Sandayar Chit Swe (; 1935–2005) was a Burmese singer-songwriter and pianist. He is best known for his songs such as "Chit Arr Nge Ya Thu Mal", "Kha Yay Pin Aut Ka Padauk Chit Thu'", "Chit Thu Way Way Thwar Par Nae Lar", "Nge Chit Haung Nae Hnit Paung Myar Swar" and "Yay Lo Aye Tae Nway Lay Ta Nway".

Biography
Chit Swe was born on 5 June 1935 in Hinthada, Irrawaddy Division, British Burma to parents U Ba Hlaing, a pianist and Daw Kyin Sein. He was eldest of four siblings. At the night of Sandayar Chit Swe birth, his father (the band's leader) took film actor Ye Khaung Chit Swe's name and was named to Sandayar Chit Swe as 'Chit Swe' during Mya Khwar Nyo silent film by A1 Film was screening at the Sharf Cinema (later Tun Lin Cinema) in Hinthada.
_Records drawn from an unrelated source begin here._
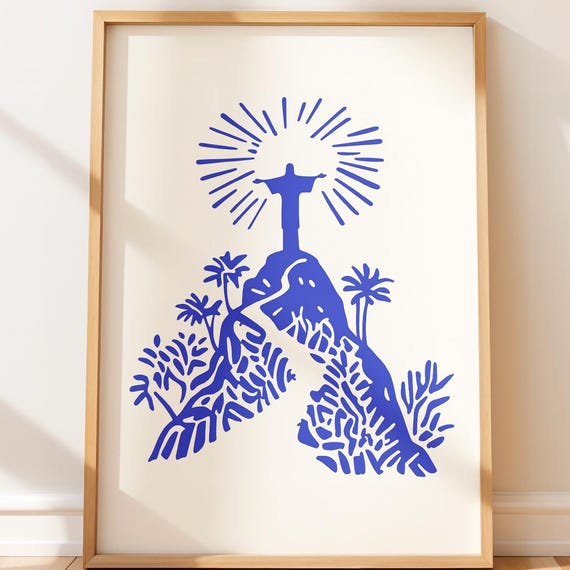 Rio Travel Poster Print Blue Christ The Redeemer Wall Art Brazil Illustration Minimalist City Decor Modern Line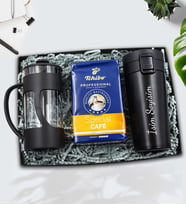 Kişiye Özel 350 ML Kilitli Siyah Çelik Termos & Siyah French Press & Tchibo Special Filtre Kahve Hediye Seti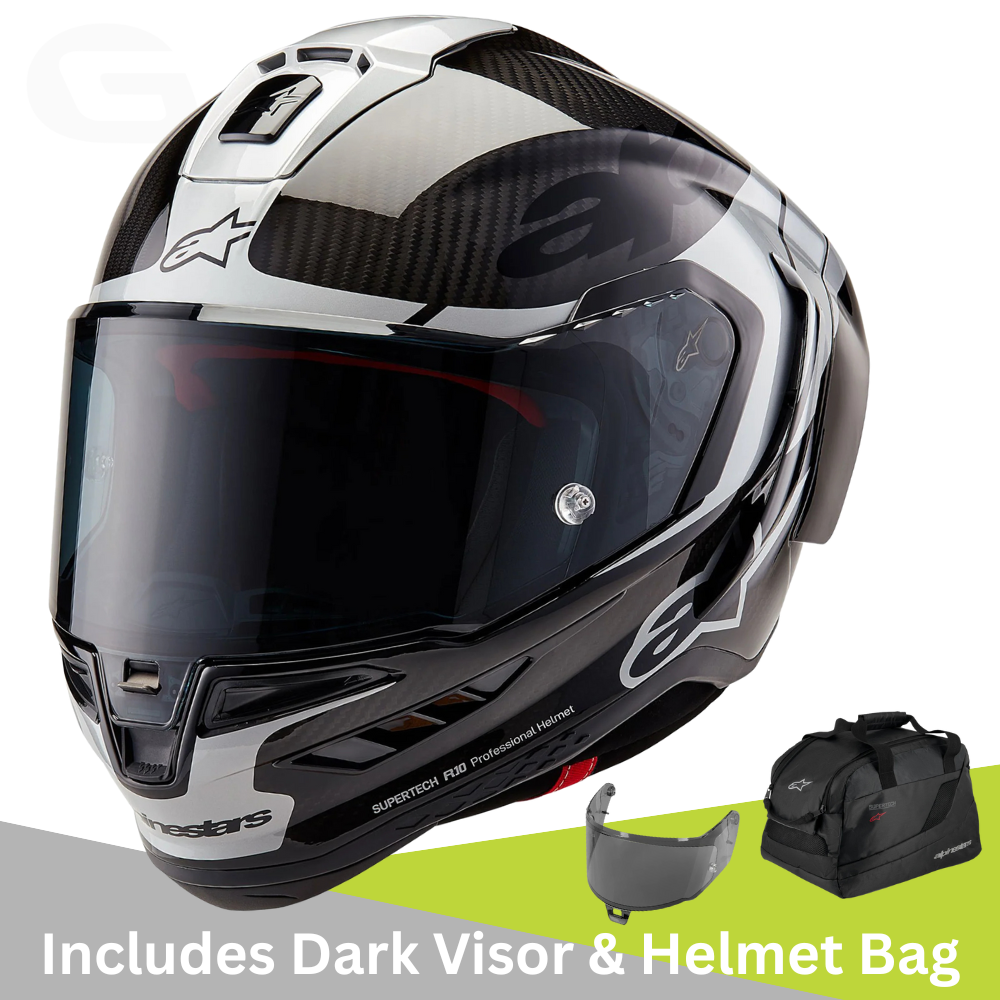 Alpinestars Alpinestars Supertech R10 - Element Black Carbon/Silver/Black Gloss - Includes Tinted Visor - Front View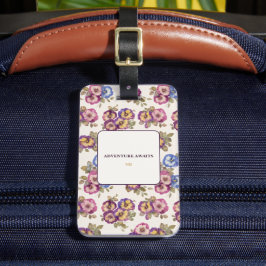 Luggage Tag  Flowers | Adventure Awaits Bagagelabel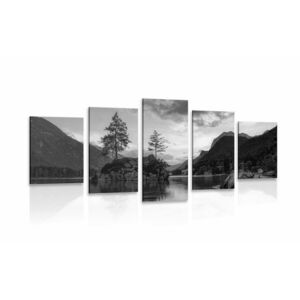 5 részes kép táj a tó mellet fekete fehérben kép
He learned to play the piano from his father. He learned to play piano in the silent film from Pianist Nyunt Hlaing and Sagaing Hla Shwe. Music teachers of Sandayar Chit Swe were his father U Ba Hlaing, Treasurer of Hinthada U Su, Harp and pianist U Tun Pe. Sandayar Chit Swe played piano with his father when he was 10 years old at the cinema. He arrived to Rangoon in 1949 at the age of 14. There he studied music from Mr.Ben Hot and Khattara Aye.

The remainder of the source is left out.